Saved optimal configuration to output/intermediate/grid_search/fausebal_optimal_config.pkl


## 7. Summary

**Outputs saved:**
1. `{OUTCOME_NAME}_estimator_B_metrics.csv` - B̄_0.9 and Δτ̄_0.9 for each estimator
2. `{OUTCOME_NAME}_validation_results.csv` - Validation metrics for each (Q, k) configuration
3. `{OUTCOME_NAME}_optimal_config.pkl` - Optimal (Q*, k*) configuration

**Next steps:**
- Notebook 05b: Fit final ensemble on full training/validation sample
- Validate on holdout test set

In [27]:
# Final summary
print("="*80)
print("FINAL SUMMARY")
print("="*80)
print(f"\nFixed validation quantile: q* = {Q_STAR}")

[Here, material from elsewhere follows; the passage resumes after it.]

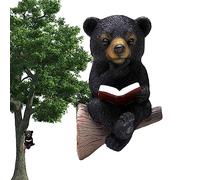 Wenmin Figuritas de oso Decoración del hogar, Estatua de jardín resistente al agua, escultura de bienvenida con luces solares, Estatuas de osos al aire libre, estatuas de decoración de paisajes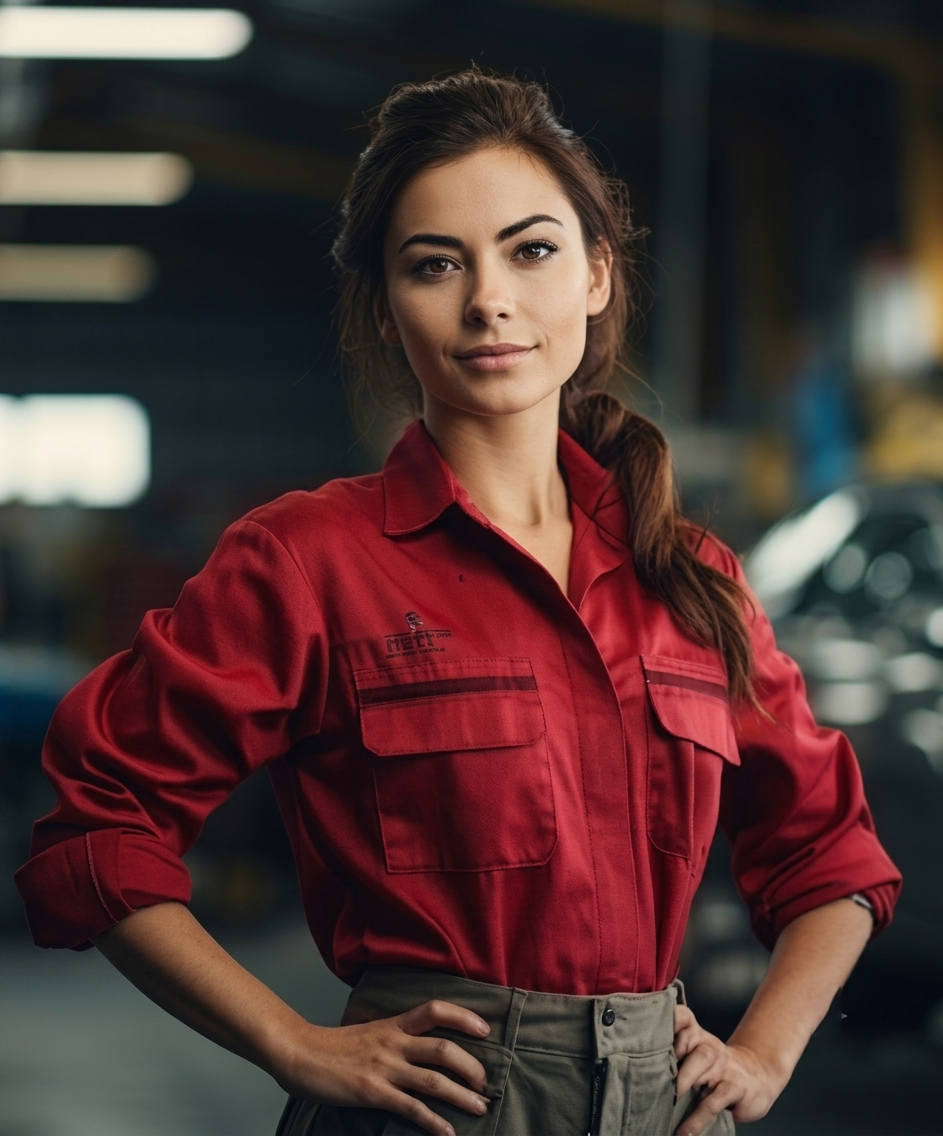 Female mechanic in a red work shirt standing in a garage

if optimal_config is None:
    print("\nNo optimal configuration was saved.")
else:
    print("\nOptimal configuration:")
    print(f"  Q* = {optimal_config['Q_star']}")
    print(f"  k* = {optimal_config['k_star']}")
    print(f"  Estimators: {optimal_config['estimators']}")
    print("\nValidation metrics:")
    print(f"  B̄_0.9 = {optimal_config['B_bar_0.9']:.4f}")
    print(f"  Δτ̄_0.9 = {optimal_config['delta_bar_0.9']:.4f}")
    print(f"  t̄_0.9 = {optimal_config['t_bar_0.9']:.4f}")
    print(f"\nCriterion used: {optimal_config['criterion_used']}")

FINAL SUMMARY

Fixed validation quantile: q* = 0.9

Optimal configuration:
  Q* = Q3
  k* = 10
  Estimators: ['x_xgb', 'causal_tree_1', 'x_rf', 't_rf', 'x_logistic']

Validation metrics:
  B̄_0.9 = 0.9167
  Δτ̄_0.9 = 0.0143
  t̄_0.9 = 0.3819

Criterion used: best_available